■ WORK ORDER: Repeat the lines from the line with "Eine Luftaufnahme der" to the line with "3D Cartoon Cats" in the listing below, keeping both end lines and adding nothing.

■ RECORD EXCERPTS:
--
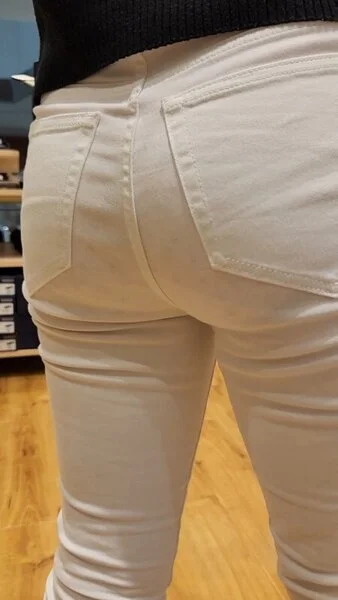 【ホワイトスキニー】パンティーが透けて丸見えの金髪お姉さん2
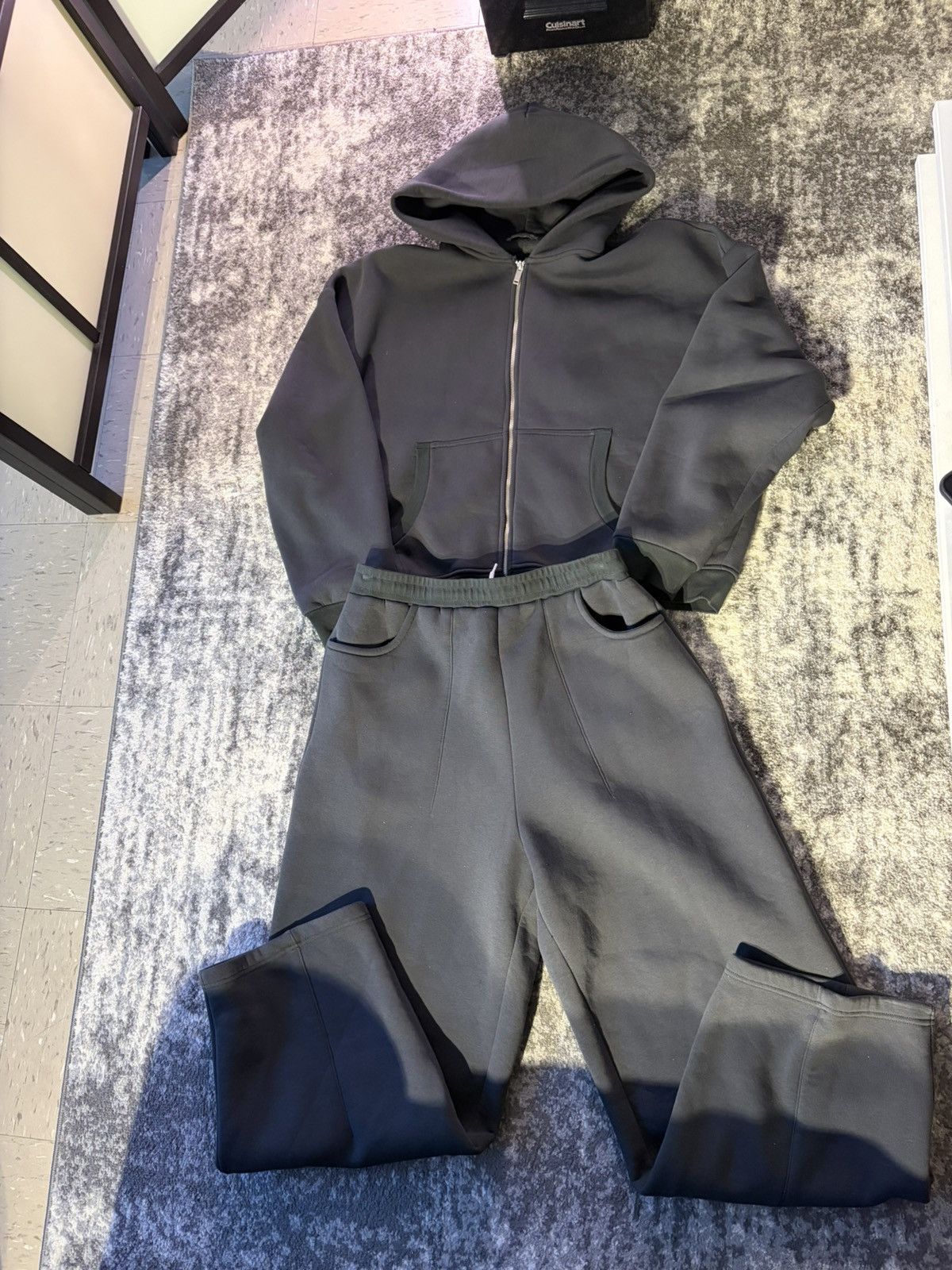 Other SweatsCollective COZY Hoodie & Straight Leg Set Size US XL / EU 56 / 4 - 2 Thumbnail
--
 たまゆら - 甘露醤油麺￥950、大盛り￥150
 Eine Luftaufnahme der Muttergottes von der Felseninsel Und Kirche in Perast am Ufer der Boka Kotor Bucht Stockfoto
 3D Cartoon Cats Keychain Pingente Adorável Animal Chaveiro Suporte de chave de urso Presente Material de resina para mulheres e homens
--
■ EXERCISE SOLUTION:
 Eine Luftaufnahme der Muttergottes von der Felseninsel Und Kirche in Perast am Ufer der Boka Kotor Bucht Stockfoto
 3D Cartoon Cats Keychain Pingente Adorável Animal Chaveiro Suporte de chave de urso Presente Material de resina para mulheres e homens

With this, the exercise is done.